*TASK DETAILS:*
Return the listing below unchanged, but without pictures.
DATA Block Start
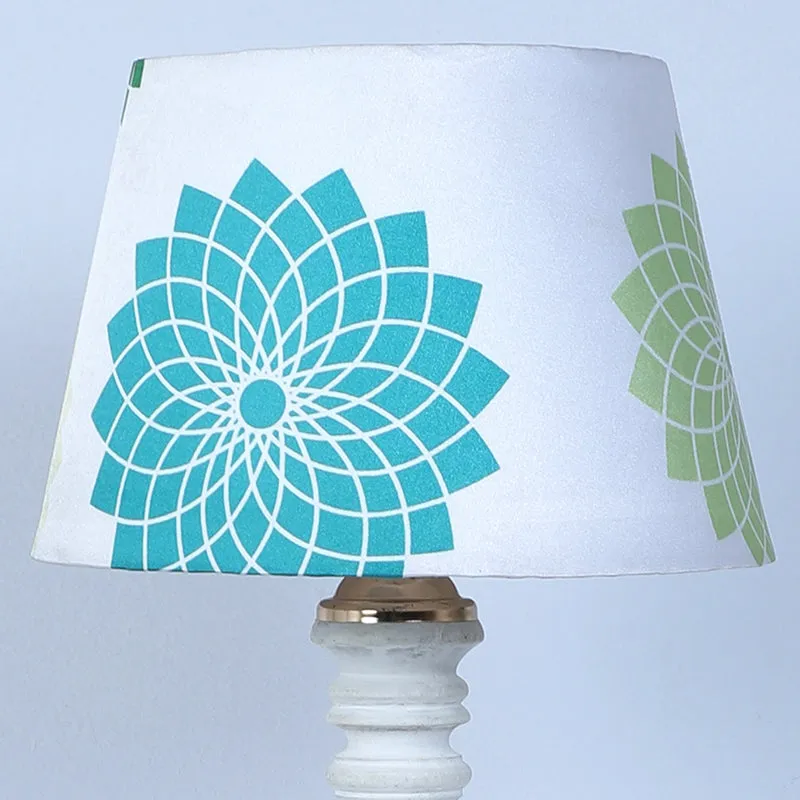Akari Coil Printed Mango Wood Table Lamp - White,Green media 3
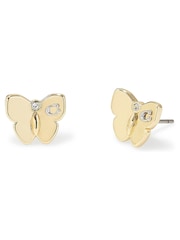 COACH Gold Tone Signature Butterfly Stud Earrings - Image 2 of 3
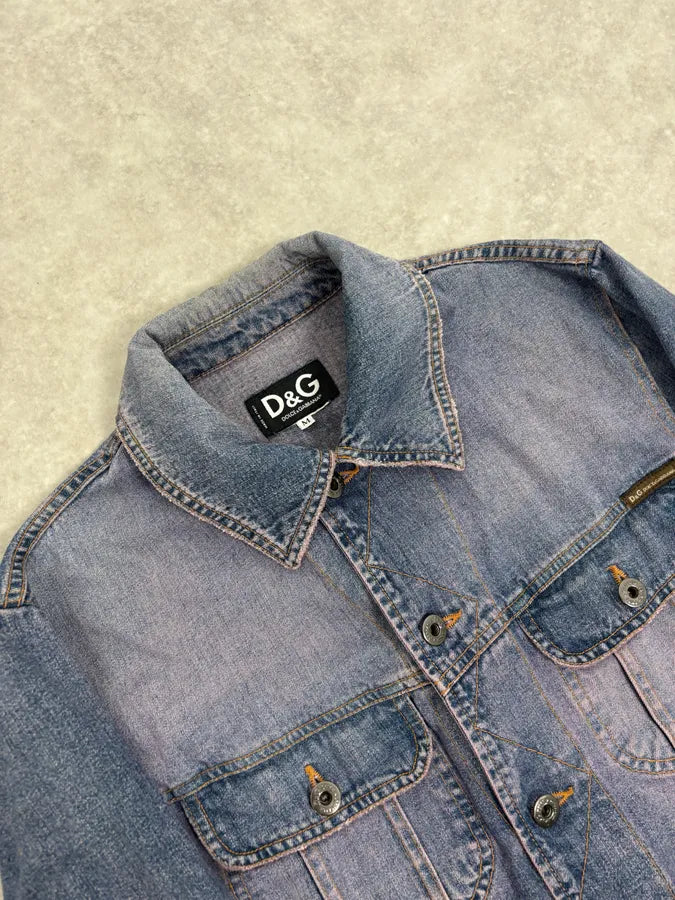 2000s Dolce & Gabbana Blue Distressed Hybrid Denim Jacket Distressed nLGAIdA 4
DATA Block End
*EXERCISE RESPONSE:*
Akari Coil Printed Mango Wood Table Lamp - White,Green media 3
 COACH Gold Tone Signature Butterfly Stud Earrings - Image 2 of 3
 2000s Dolce & Gabbana Blue Distressed Hybrid Denim Jacket Distressed nLGAIdA 4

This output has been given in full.